When you retype the entries, keep each one exact and leave out the pictures.
::: Data supplied :::
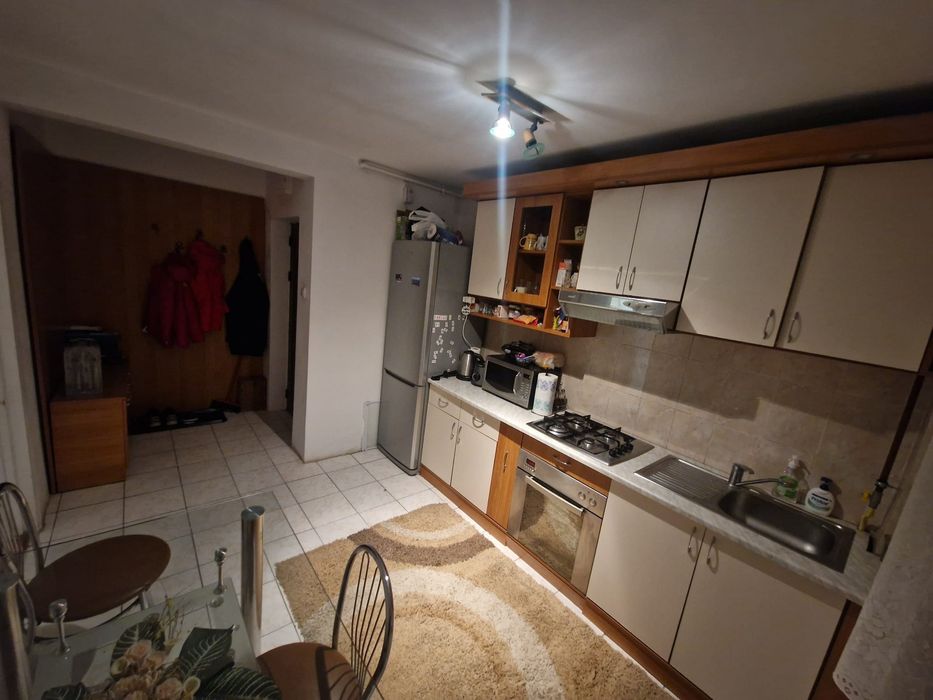 Vand apartament cu 3 camere Et. 1, suprafata 76 mp si garaj - Tasnad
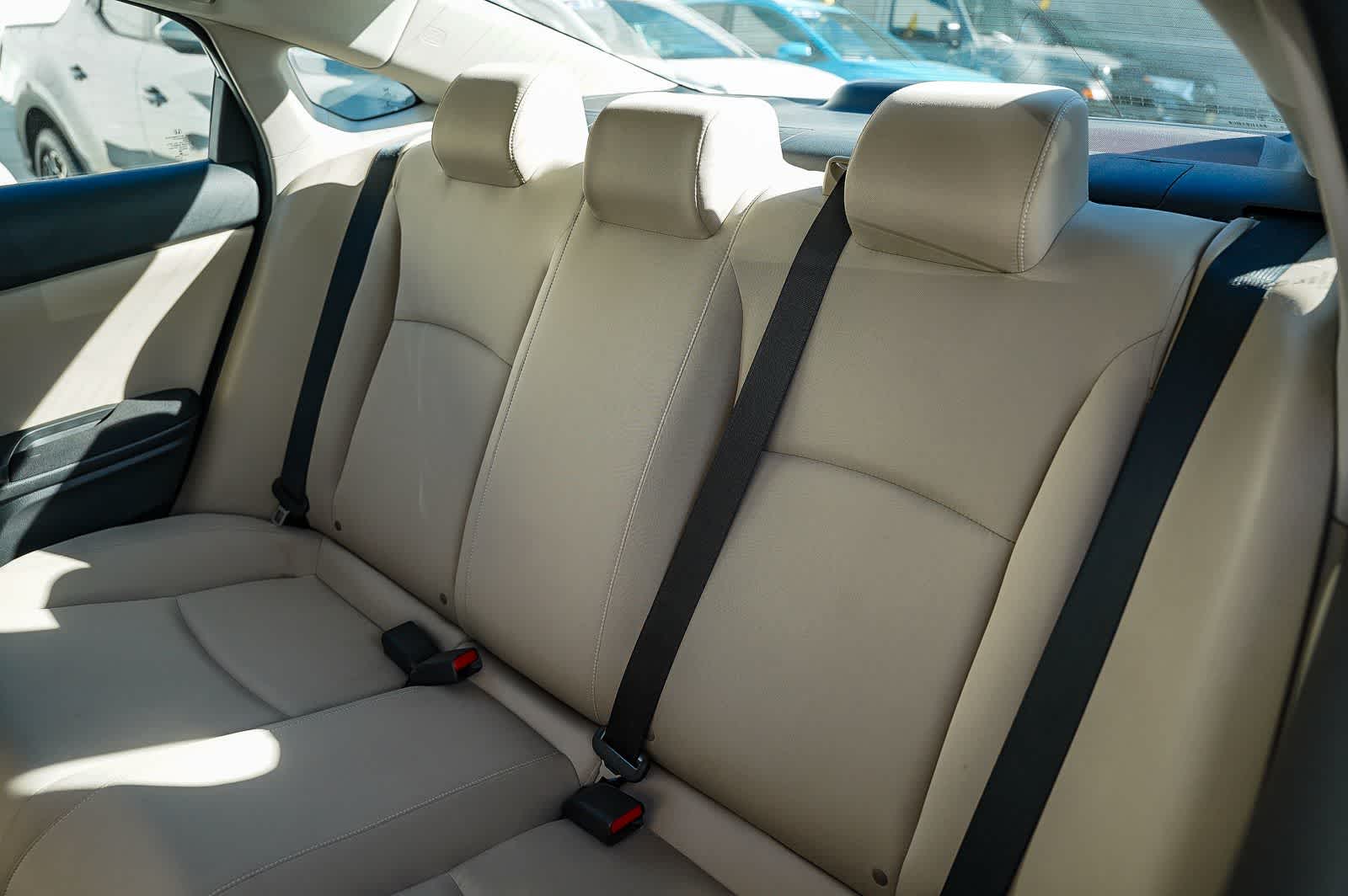 Thumbnail: 2016 Honda Civic - 15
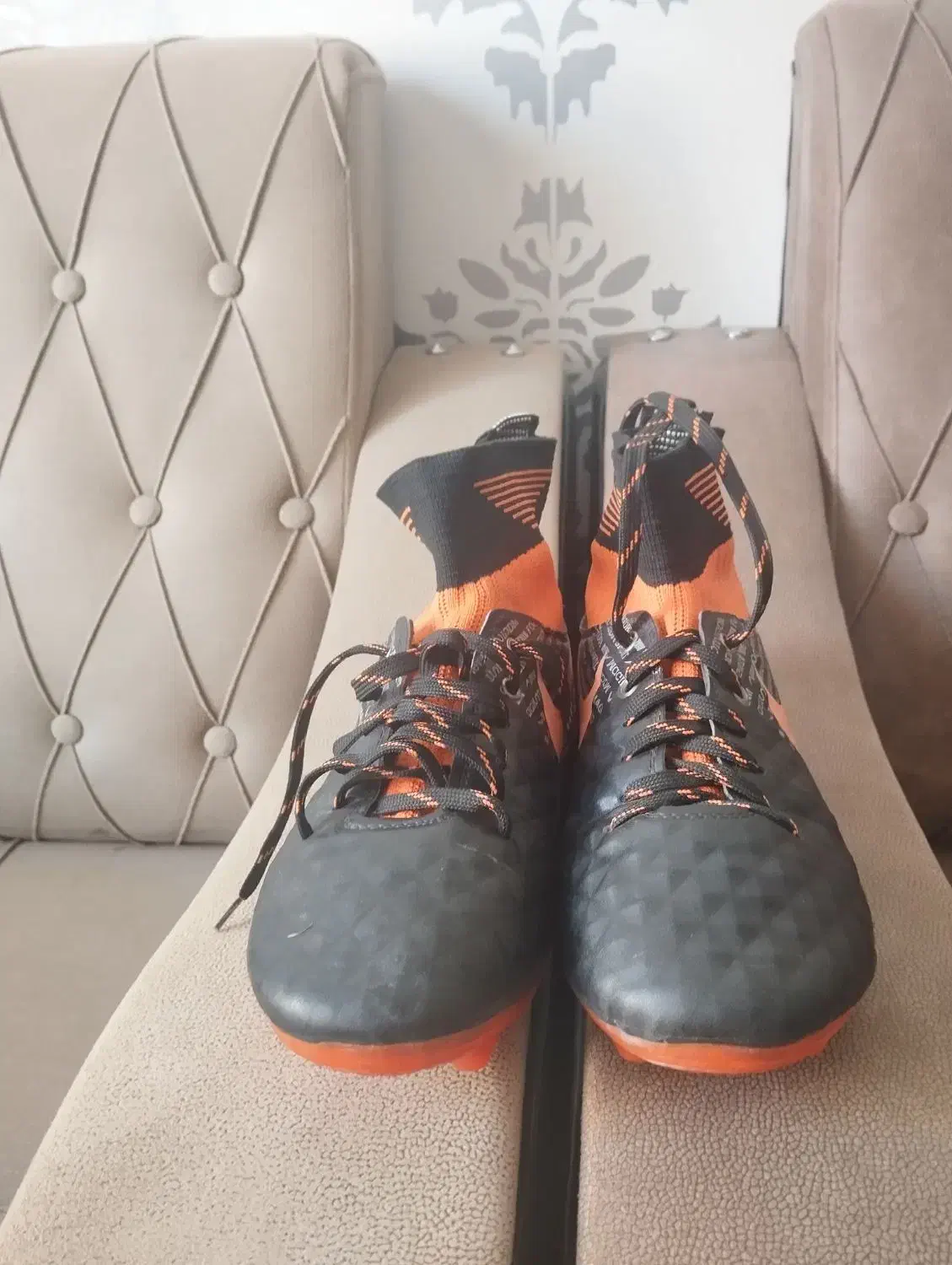 کفش چمن در حد نو|کیف، کفش، کمربند|نیشابور, شهرک بسیج|دیوار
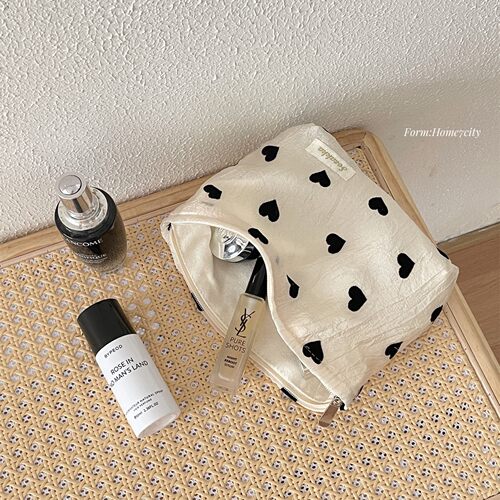 ins风爱心化妆包旅行洗漱包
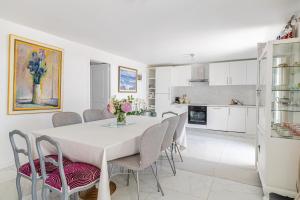 LA VILLA DES FLEURS en duplex avec jardin et piscine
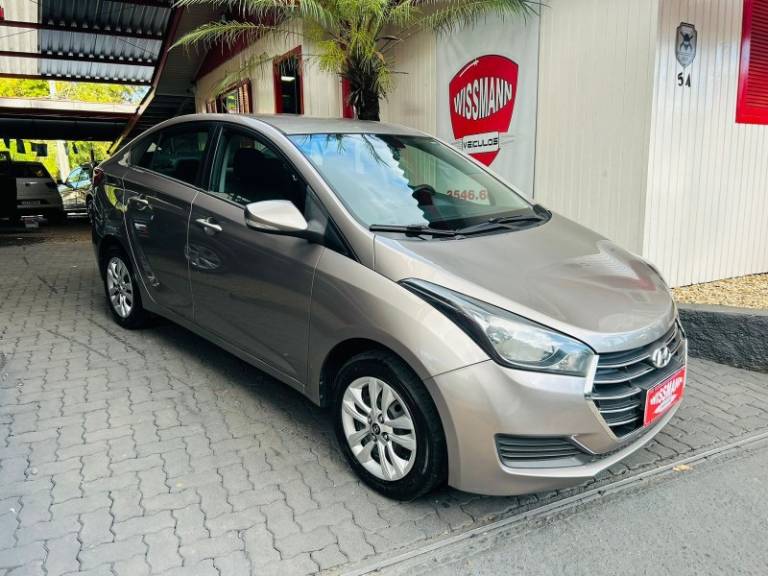 HYUNDAI - HB20S - 2015/2016 - Prata - R$ 64.800,00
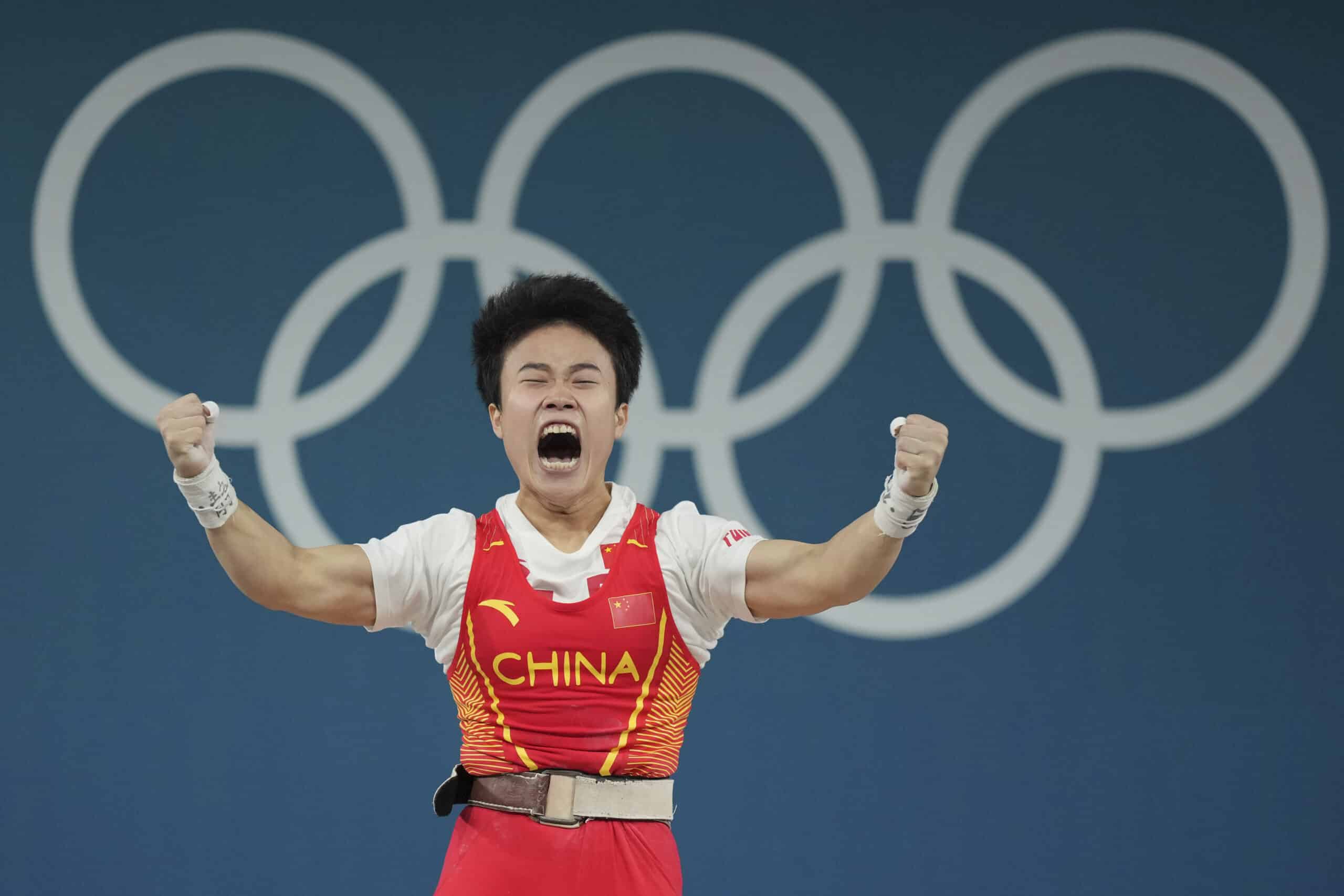 Chinese duo retain Olympic titles as Paris weightlifting starts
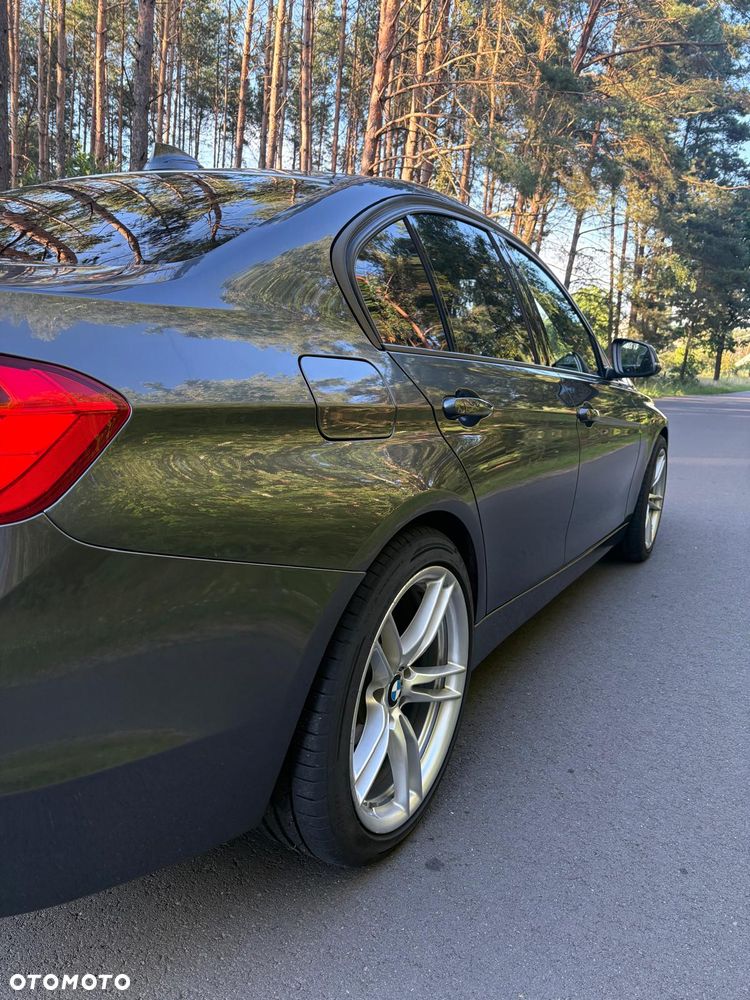 BMW Seria 3 318d Sport Line - 7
:::
§ Task response:
 Vand apartament cu 3 camere Et. 1, suprafata 76 mp si garaj - Tasnad
 Thumbnail: 2016 Honda Civic - 15
 کفش چمن در حد نو|کیف، کفش، کمربند|نیشابور, شهرک بسیج|دیوار
 ins风爱心化妆包旅行洗漱包
 LA VILLA DES FLEURS en duplex avec jardin et piscine
 HYUNDAI - HB20S - 2015/2016 - Prata - R$ 64.800,00
 Chinese duo retain Olympic titles as Paris weightlifting starts
 BMW Seria 3 318d Sport Line - 7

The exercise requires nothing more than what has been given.